_Work instructions_
Reproduce the listing in its entirety. Do not reproduce the pictures.

_Supplied information_
* * *

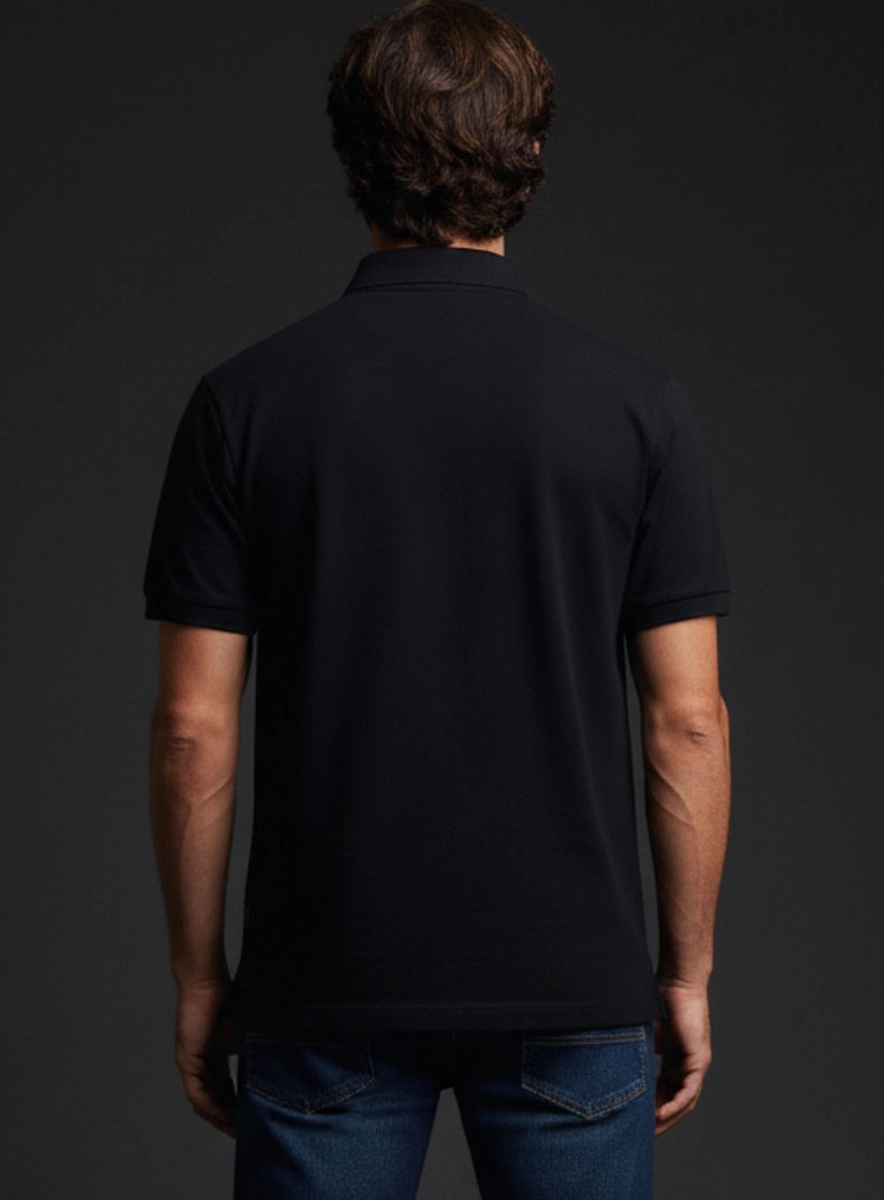 Polo Masculina Regular Básica Pima Preto Replay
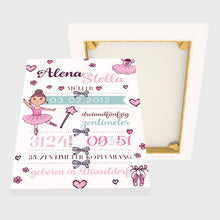 Laden Sie das Bild in den Galerie-Viewer, Stekora Design - Babydaten Leinwand Motiv Ballerina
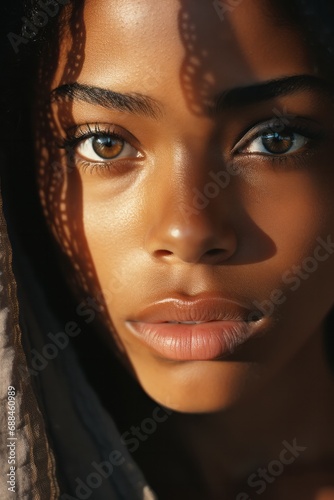 Sharp Focus on eyes, documentary photography, African woman, all-natural, in the style of candid, no makeup, natural lighting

* * *

_Answer to this problem_
 Polo Masculina Regular Básica Pima Preto Replay
 Laden Sie das Bild in den Galerie-Viewer, Stekora Design - Babydaten Leinwand Motiv Ballerina
 Sharp Focus on eyes, documentary photography, African woman, all-natural, in the style of candid, no makeup, natural lighting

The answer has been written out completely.